Giving back by helping othersEllingson honored for lifelong commitment to learning
From her high school days when she would help fellow students with concepts they didn’t understand, to today, in presenting advanced sonographic physics technology to present and future health care providers, Stephanie Ellingson has always valued education and giving back to the community.
As a junior in high school, she recalls her first chemistry class with Nevada (Iowa) High School teacher Ronald Jacobson, known affectionately as “Jake.” She recalls his enthusiasm and advanced knowledge of science and how it encouraged the students to want to learn. It sparked an interest in science that has carried on to this day. She said that her ability to explain concepts also began to emerge with the study of science.
“I think it is the idea you should give back in any way you can,” Ellingson said. “That was a way I could. If I understood something and they didn’t, I could help them. Later they could help me with something. That same thing carried on through college.”
Jake was one of the people Ellingson honored during her acceptance speech on Jan. 29, when she became the first Nevada High School graduate to be inducted into the school district’s Hall of Honor. The Hall recognizes Nevada alumni who had distinguished themselves with academic excellence, career accomplishments, community service, personal excellence and a lifelong devotion to learning.
She recommended the current Nevada students be thankful for their education, teachers and facilities, be assertive in what they want to do, and be supportive of others.
Realizing that many times people don’t understand how good teachers are until later, Ellingson said that on reflection, she saw students in college who had not had the same foundation of knowledge that she had, and she realized the good job of teaching he had done. She said that in many ways that educational foundation was life changing.
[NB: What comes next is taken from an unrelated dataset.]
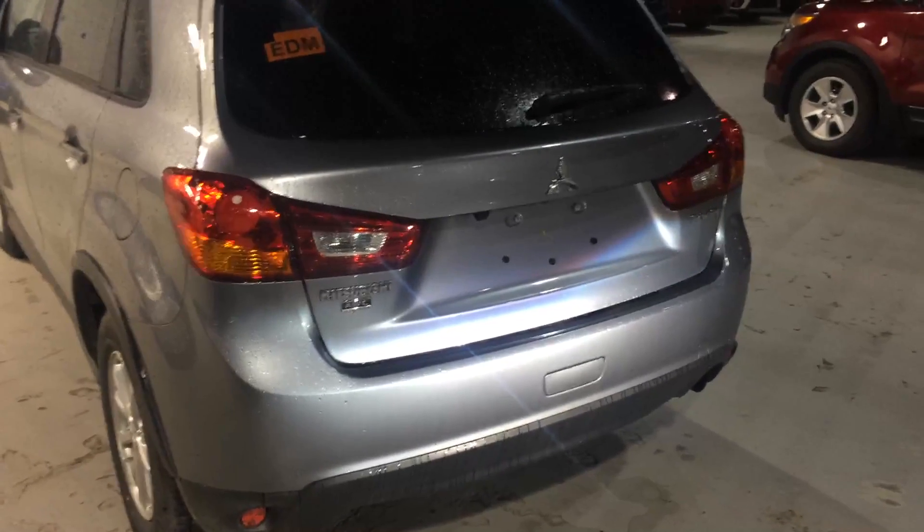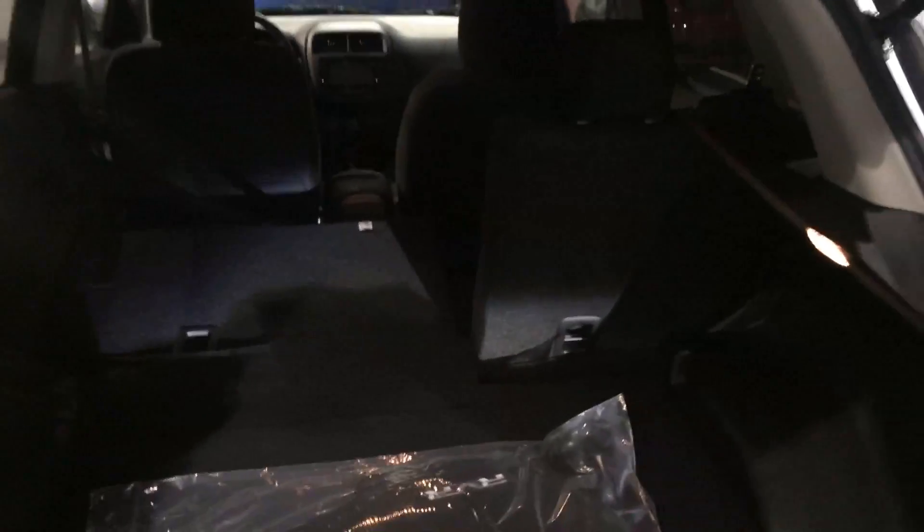Moving to the exterior, here's your all wheel control badge right there — beautiful contrast between the silver and the gray. And popping the hatch here, there's your backup camera. As you can see, very spacious back seating.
“When I teach now, I find myself explaining things in some of the same ways he did,” she said.
Another thing that carried over from her high school days is when Ellingson teaches her students by applying the knowledge to real-life situations in a hands-on way.
Even with an application listing her accomplishments being five pages long and including her graduation from the University of Iowa, where she studied radiologic technology and diagnostical medical sonography, as well as many online courses to teaching the radiation science program at the university, Ellingson said she is unsure why she was chosen for the award. The application shows she is board certified in six areas of sonography. She is the program director of the sonography program at the University of Iowa. She said that she is devoted to teaching in all aspects of life, both professional and personal.
“I furthered my education in the area of education so I could teach,” she said.
Seeing educating others as a way of being able to help more people, she opted to instruct instead of work in the field of sonography. Ellingson said that she feels by teaching others who will then go out and help people, she will be able to help more people.
“I like seeing other people grow and find something for their lives,” she said. “I think that extends into other areas.”
Growing up, she remembers her parents, Mary Jo and Karm Kellogg, always helping and teaching others. She recalls her father helping with school athletics. Her mother also taught quilting classes.
The application also goes into many areas of volunteerism, coaching and other work she has done in the community.
In the application, Ellingson’s work on the Washington School Board was named as her “single greatest accomplishment.” The paragraph details the board’s work to improve school facilities and student outcomes.
“A board of directors is there for a reason,” Ellingson said. “They are not just a figure. They are a functional body. I served on boards in my profession and I saw things can be accomplished.”
Ellingson commented that many opportunities that exist now, such as college-level courses for high school students, didn’t exist when she was in school. She recalls in high school (Class of 1986) the resources for learning about careers didn’t exist the way they do today. It is to this end that, as a Washington School Board member, she hopes to supply the best opportunities possible for students.